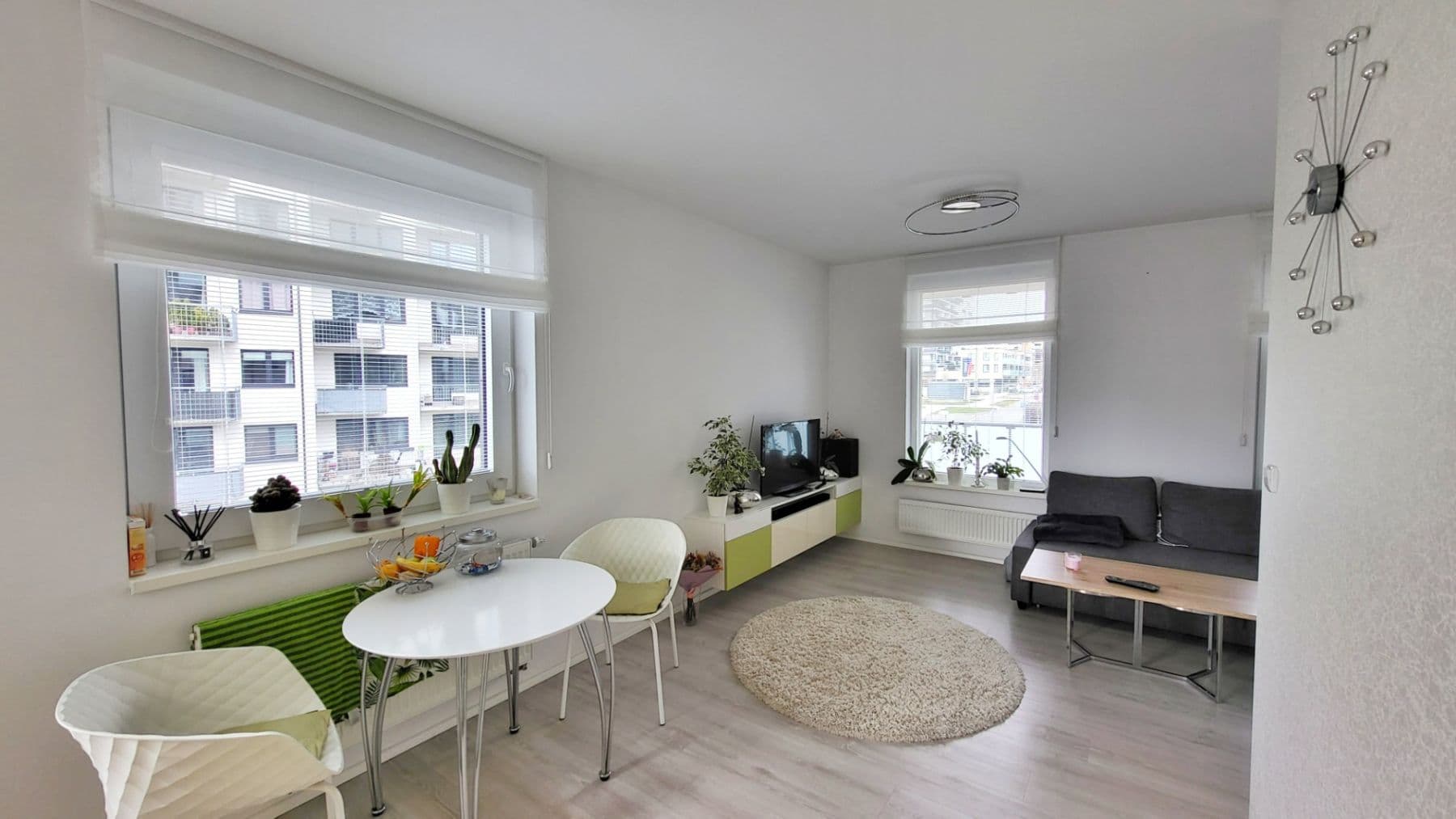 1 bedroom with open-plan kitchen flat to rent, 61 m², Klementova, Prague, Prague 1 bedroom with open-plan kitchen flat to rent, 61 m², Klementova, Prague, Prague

--------------------------------------------------

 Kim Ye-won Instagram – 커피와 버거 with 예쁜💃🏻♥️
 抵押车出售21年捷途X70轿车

--------------------------------------------------

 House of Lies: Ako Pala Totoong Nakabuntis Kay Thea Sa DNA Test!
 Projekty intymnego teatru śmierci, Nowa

--------------------------------------------------

▶ Task goal
Retype exactly the span of lines from the one with "House of Lies: Ako" through the one with "Projekty intymnego teatru śmierci, Nowa"; include both ends and omit the rest of the material.

▶ Your solution
 House of Lies: Ako Pala Totoong Nakabuntis Kay Thea Sa DNA Test!
 Projekty intymnego teatru śmierci, Nowa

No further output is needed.